- [RECORDS TO USE]
********************
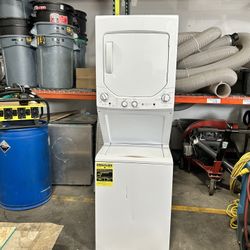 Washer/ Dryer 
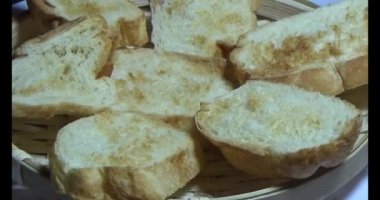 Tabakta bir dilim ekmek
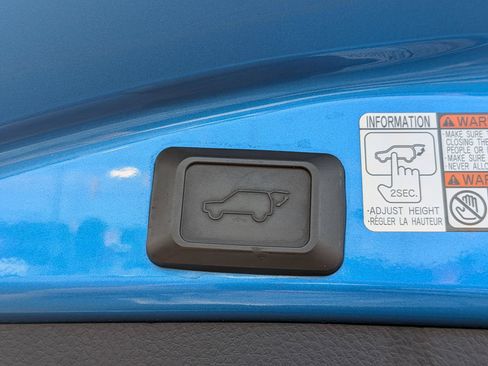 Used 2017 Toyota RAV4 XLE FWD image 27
********************
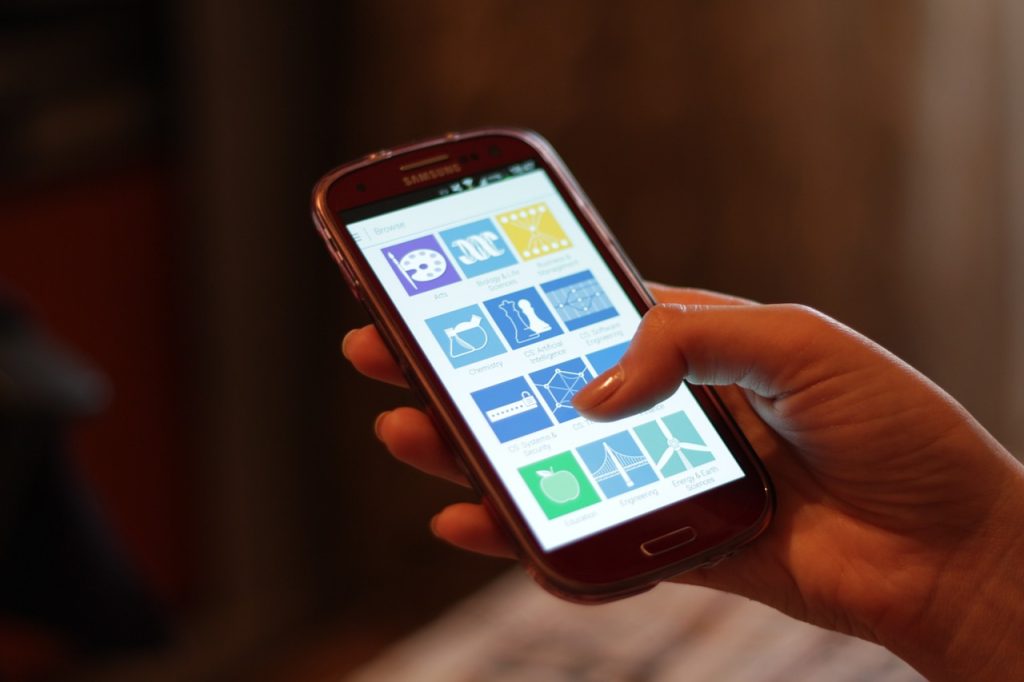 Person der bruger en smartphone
********************
- [PROBLEM TO WORK ON]
Output exactly the lines of the listing above that start with the one holding "Tabakta bir dilim ekmek" and go on through the one holding "Used 2017 Toyota RAV4 XLE FWD image 27"; leave the pictures out.

- [FINISHED TASK]
 Tabakta bir dilim ekmek
 Used 2017 Toyota RAV4 XLE FWD image 27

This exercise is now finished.